**PROBLEM TO WORK ON**
Repeat word for word the line with "Marzipan in dark" and every line after it until the records below run out.

**DATA FOR THIS EXERCISE**
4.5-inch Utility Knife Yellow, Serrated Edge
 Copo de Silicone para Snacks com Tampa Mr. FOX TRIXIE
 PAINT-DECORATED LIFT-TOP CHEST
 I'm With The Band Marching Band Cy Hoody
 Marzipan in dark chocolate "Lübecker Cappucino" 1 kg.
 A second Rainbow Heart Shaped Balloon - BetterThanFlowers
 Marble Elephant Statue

**REPLY**
 Marzipan in dark chocolate "Lübecker Cappucino" 1 kg.
 A second Rainbow Heart Shaped Balloon - BetterThanFlowers
 Marble Elephant Statue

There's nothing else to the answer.